Continued from yesterday’s blog…

The Religious Element

I personally find it amazing, even astounding that in the aftermath of a mass murder episode, people flock to churches and pray and hold candlelight prayer vigils, and express total faith in the Almighty the He will look after the slain innocents. I’d of thought people, especially religious people, should be taking to the streets with raised fists screaming in pure rage and outrage against the alleged loving, compassionate, merciful, all-knowing, all-powerful God for standing by on the sidelines and not lifting a godly digit to prevent the tragedy in the first place.
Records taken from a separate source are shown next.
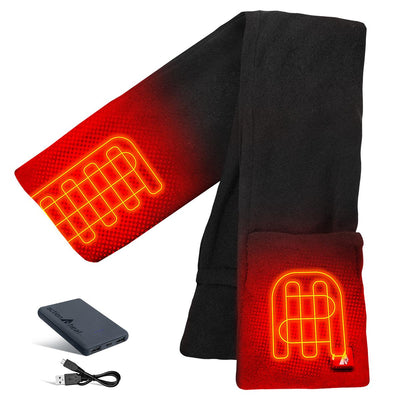 ActionHeat 5V Battery Heated Fleece Scarf with Pockets - Back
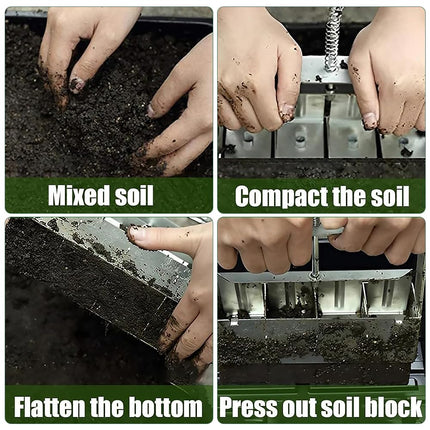 Soil baler, Afenau 5 x 5CM manual soil blocker with seed aid, aluminum alloy soil blocker, handheld soil press cultivation, soil blocking tool for plant cultivation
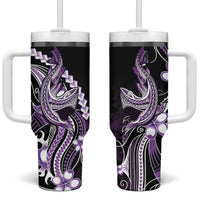 Purple Black Aloha Hawaii Tumbler With Handle Polynesian Shark Tattoo Plumeria LT14 One Size: 40 oz Purple - Polynesian Pride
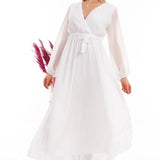 White Cross-Over Neck Midi Length Chiffon Dress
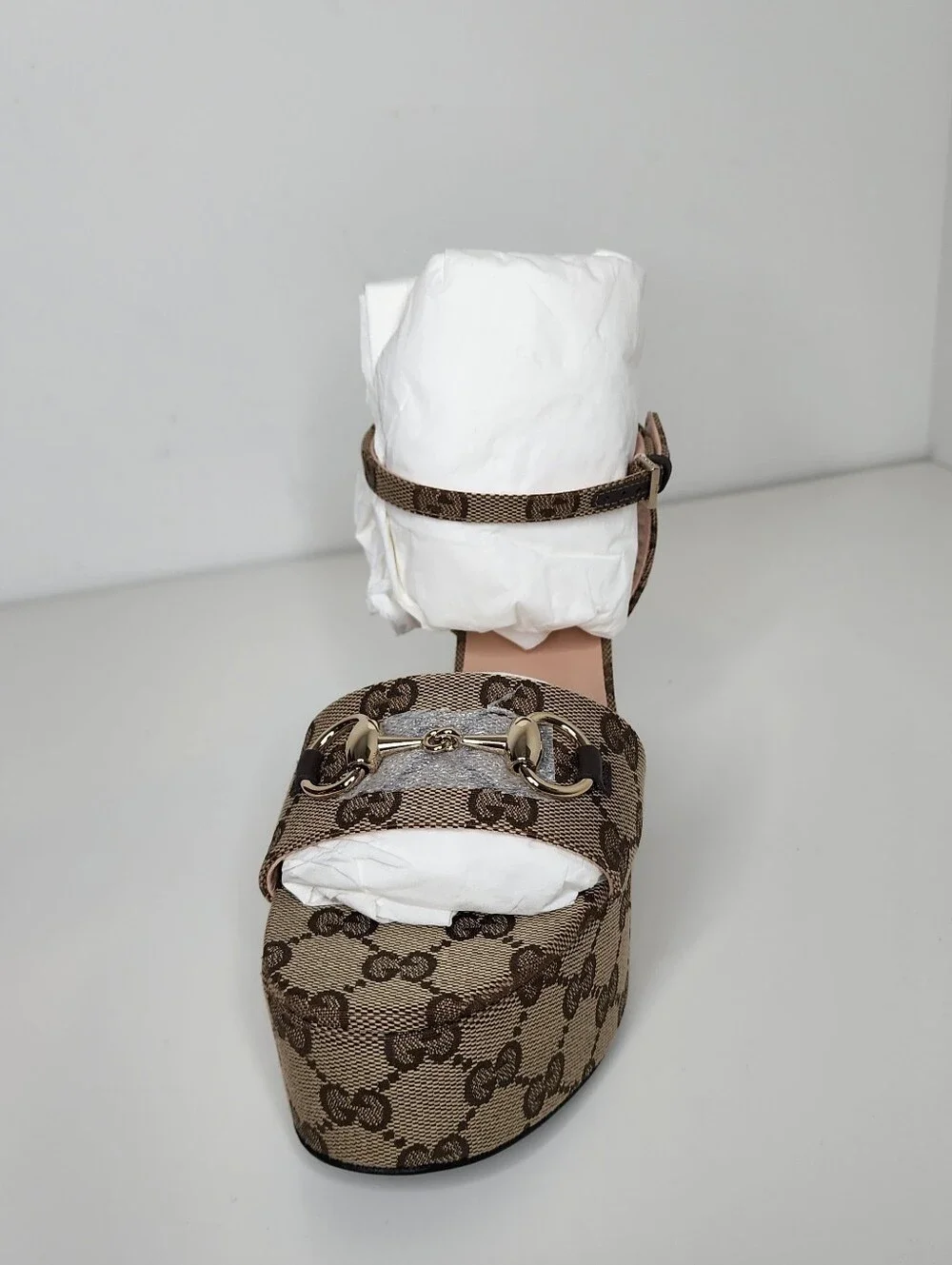 Gucci Lady Horsebit Tan Monogram Platform Wedges Sandals Size 36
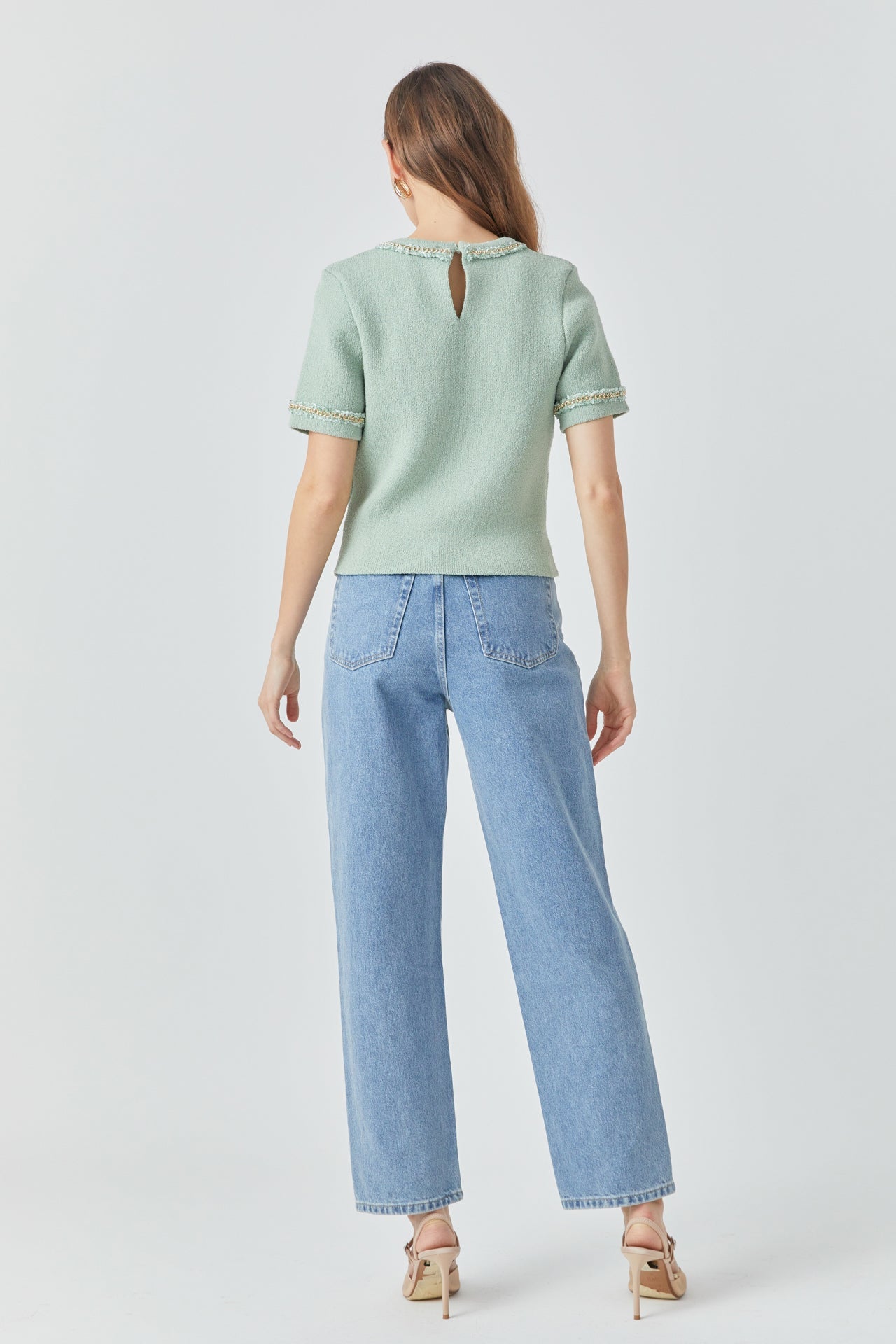 ENDLESS ROSE - Chain Trim Knit Short Sleeve Top - TOPS available at Objectrare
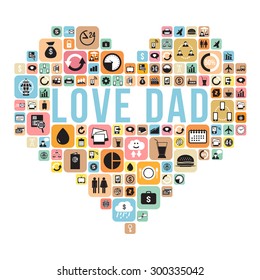 Infographics icon in heart shape. vector format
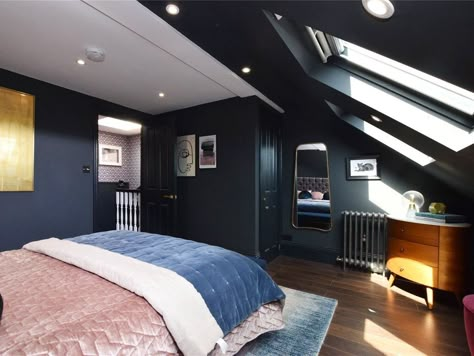 Dark Loft Bedroom, Victorian Terrace Interior Bedroom, Cosy Loft Bedroom, Dark Attic Bedroom, Victorian Terrace Attic Bedroom, Loft Extension Bedroom, Loft Room Victorian Terrace, Victorian Terrace Bedroom Layout, Loft Conversion Bedroom Dormer Juliet Balcony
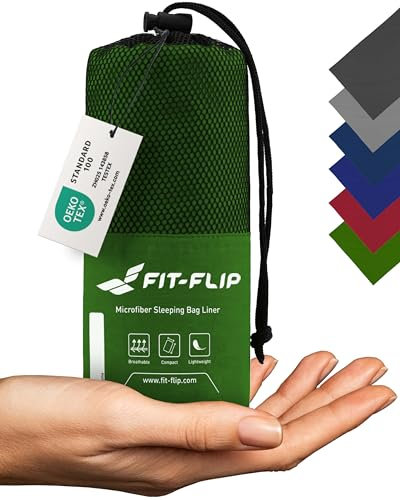 Fit-Flip Hüttenschlafsack Ultraleicht, Mikrofaser Schlafsack Inlay mit extra Kissenfach, Inlett Schlafsack seidig weich, Reiseschlafsack als auch Innenschlafsack, Moosgrün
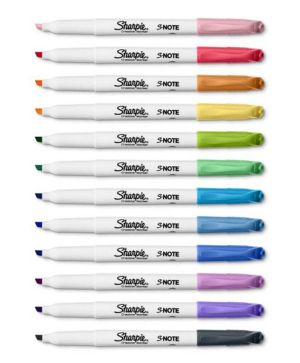 Комплект маркери Sharpie S-note, 12 цвята, блистер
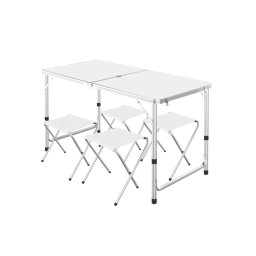 Set Masa plianta pentru camping gradina cu 4 scaune alb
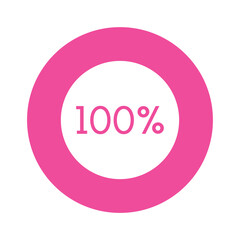 100 percent, pink circle percentage diagram vector illustration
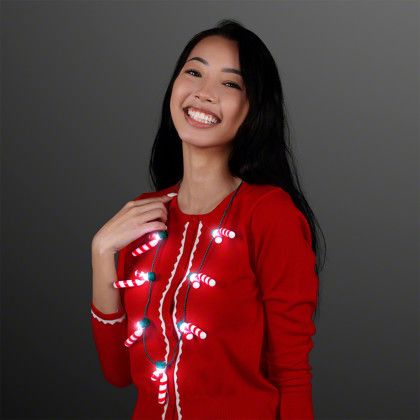 Custom Candy Cane Lights Christmas Party Necklace - In use Custom Candy Cane Lights Christmas Party Necklace - In use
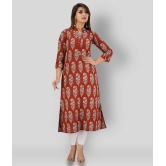 SVARCHI - Maroon Cotton Womens Straight Kurti ( Pack of 1 ) - S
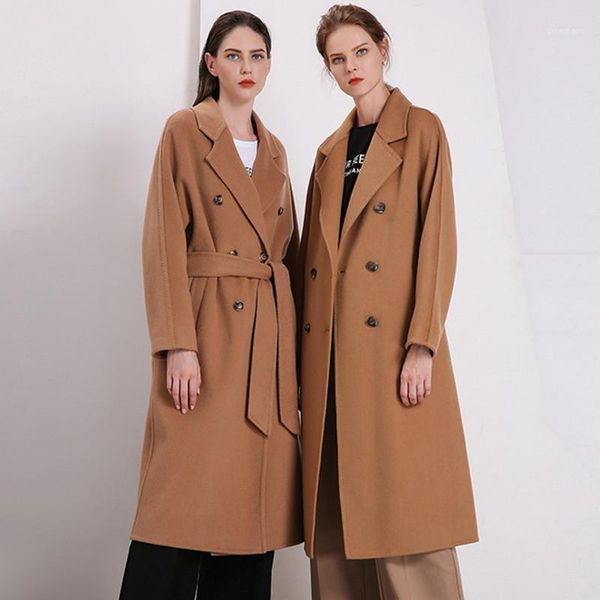 

100% wool coat 2019 winter warm causal vintage women's woolen long coat female double side fashion luxury outwear overcoat lady1, Black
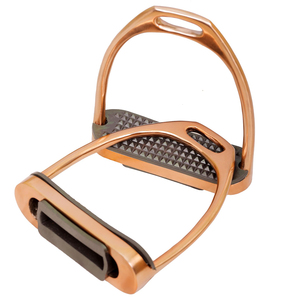 Équipement d'équitation de qualité supérieure en acier inoxydable, étriers flexibles en or rose, protection antidérapante pour les chevilles - Product Image 1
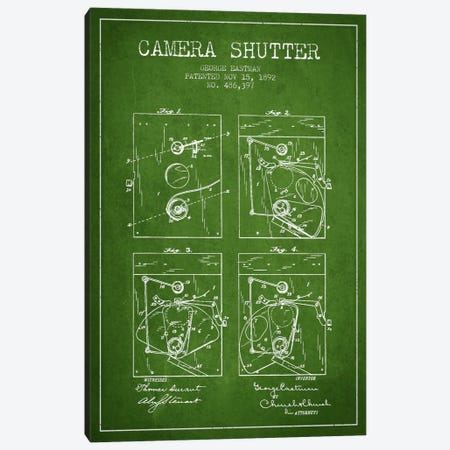 Camera Shutter Green Patent Blueprint Canvas Print #ADP507} by Aged Pixel Canvas Art Print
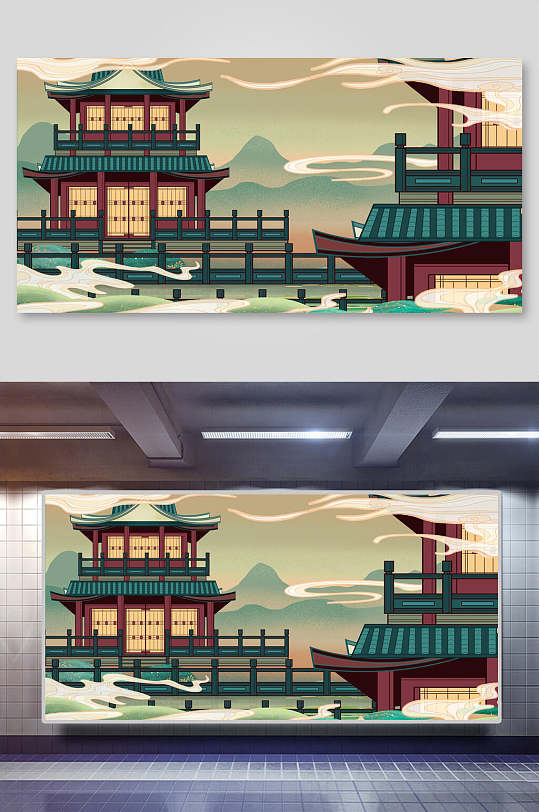 中国风楼阁复古色调云雾插画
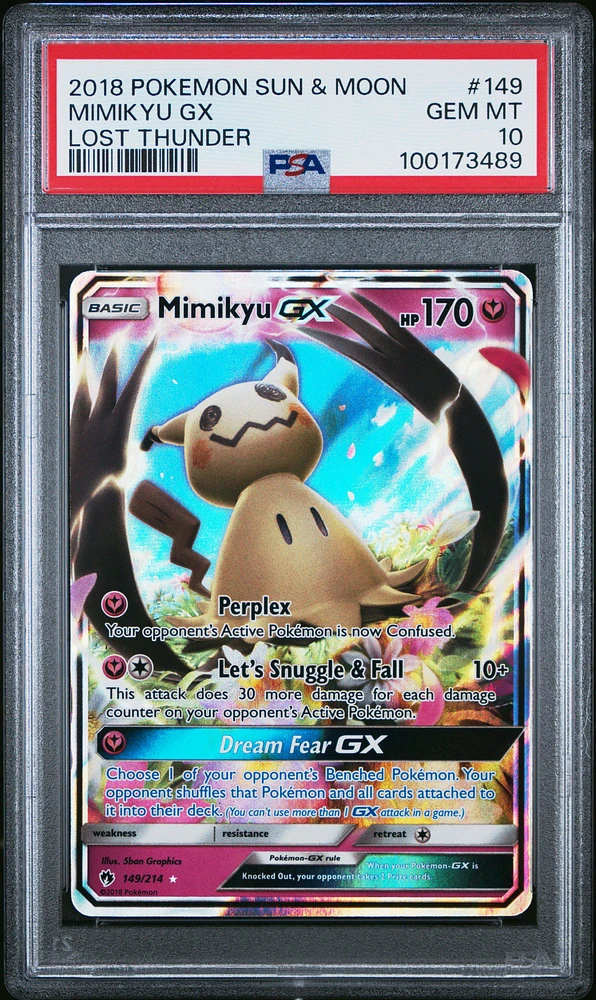 2018 Pokemon Sun & Moon Lost Thunder 149 Mimikyu Gx PSA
Of course the obvious answer is that God gave us free will, and a person who slaughters the innocent is just exercising God’s free will gift and therefore God is not going to interfere. God does not want to get involved in the petty daily affairs of humankind.

Or, some might suggest that God works in mysterious ways and that the slaughter of the innocents is part of God’s plan, part of the Almighty’s Big Picture which us mortals can’t comprehend. Well, if mass murder is part of God’s plan, do we really want any part of God?

Some suggest that God doesn’t work in mysterious ways and this is just pure and simple another example of God’s wrath. While that would be keeping within God’s actions and reactions in the Old Testament, I somehow find it hard to believe that God would need to employ a middleman. Further, by employing a middleman, God would lose the benefit of letting all and sundry know that He was pissed off and this was an example of His wrath. So, sorry ‘bout that Westboro Baptist Church but God did not ‘send the shooter’ as per one of your favourite phrases – this time or ever. We do not need God’s help to kill.

Some, especially the extreme Right Wing Fundamentalists, suggest that humans have turned their back on God and therefore God has turned His back on us. That sort of spitting the dummy doesn’t quite ring true with those godly attributes of compassion, etc. I mean a child might in a hissy fit turn their back on Mum & Dad, but Mum & Dad aren’t as likely to reciprocate.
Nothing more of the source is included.